Steve Beauchampé recalls the Cadbury Barn, a little known but once much-loved Birmingham building destroyed by fire last week.


There is some ambiguity surrounding the origins of the Cadbury Barn, burnt down in a suspected arson attack last week. Whilst the Birmingham Conservation Trust website states that it was erected in 1894 in the grounds of George Cadbury’s home at Northfield Manor House, set in Manor (formerly New House) Farm, the Bournville Works Magazine suggests otherwise (as does an 1893 Ordnance Survey map), indicating that the Barn, the work of company architect Alexander Harvey, was originally sited in Laurel Grove, where it was known as the Girls’ Gymnasium, and was relocated and re-assembled at Manor Farm in 1903 (a not uncommon practice; stands at both St Andrews and The Hawthorns were similarly relocated from their respective clubs’ earlier grounds around this time).

A wooden structure with a metal framework held in places by chains, and seating up to 700, the Barn became the focus of regular summer parties for Cadbury employees, their families and perhaps most famously poor children from throughout Birmingham and the Black Country. Speaking of these often joyous gatherings George Cadbury remarked: “There could never be too many and they could never be too noisy”.

Children – up to fifty at a time – would be invited to swim in the nearby fish pond, girls before tea, boys after. The Barn was also used by Sunday School groups, the Mothers Union and members of Men’s and Women’s Adult Schools, as well as Scout Jamborees and Brownie Revels, with as many as 25,000 people using the facility each year. During the Second World War the Friends Ambulance Unit used the Barn as a training camp.

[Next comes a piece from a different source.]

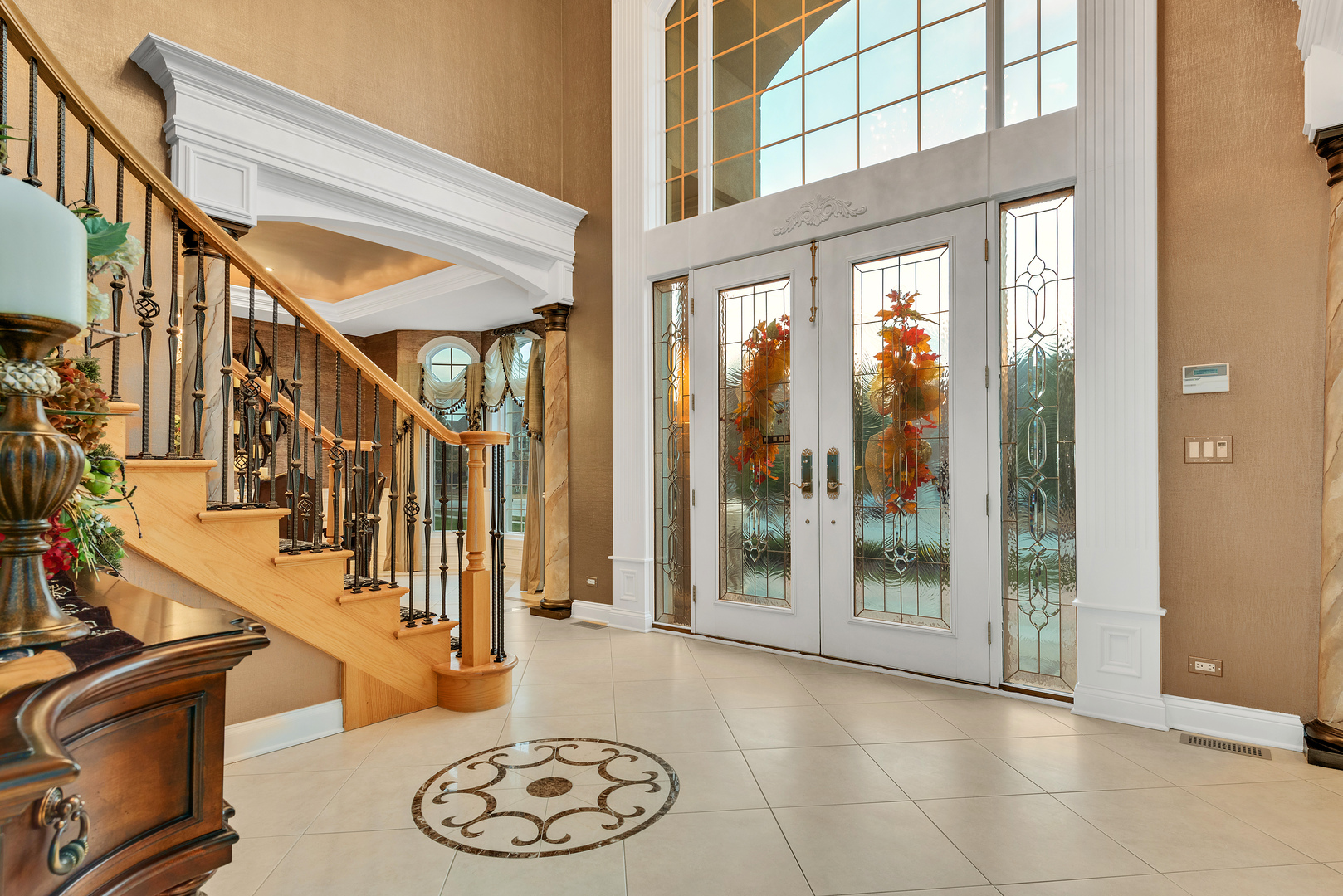 147 Los Lagos Drive, Bloomingdale, IL 60108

The Barn’s unusual rusticated timber detailing was a style seemingly specific to Cadbury’s with similar decoration also found on an original exposed section of the Cadbury Club (formerly the Girl’s Pavilion) on Bournville Lane. Its floor was tiled in red and grey terracotta with a single entrance at the rear (facing the main road) and a wider entrance and wide windows overlooking the park.

Following the death in 1951 of George’s wife, Dame Elizabeth Cadbury, the family donated Manor Farm and its buildings to the city of Birmingham with the Barn continuing to be used by park visitors and other groups.

In recent years the Barn had served as a storage facility for the Parks Department but had become semi-derelict and partially boarded up. In 2014 Birmingham Conservation Trust, in conjunction with Bournville Village Trust and the Friends of Manor Farm Park, began drawing up plans for a restoration of the Barn as part of plans for a multi-use community space including a cafe and involving several adjacent buildings.

Sadly, following the fire which destroyed the Barn on the night of July 31st, should those plans come to fruition, the Barn will not be part of them.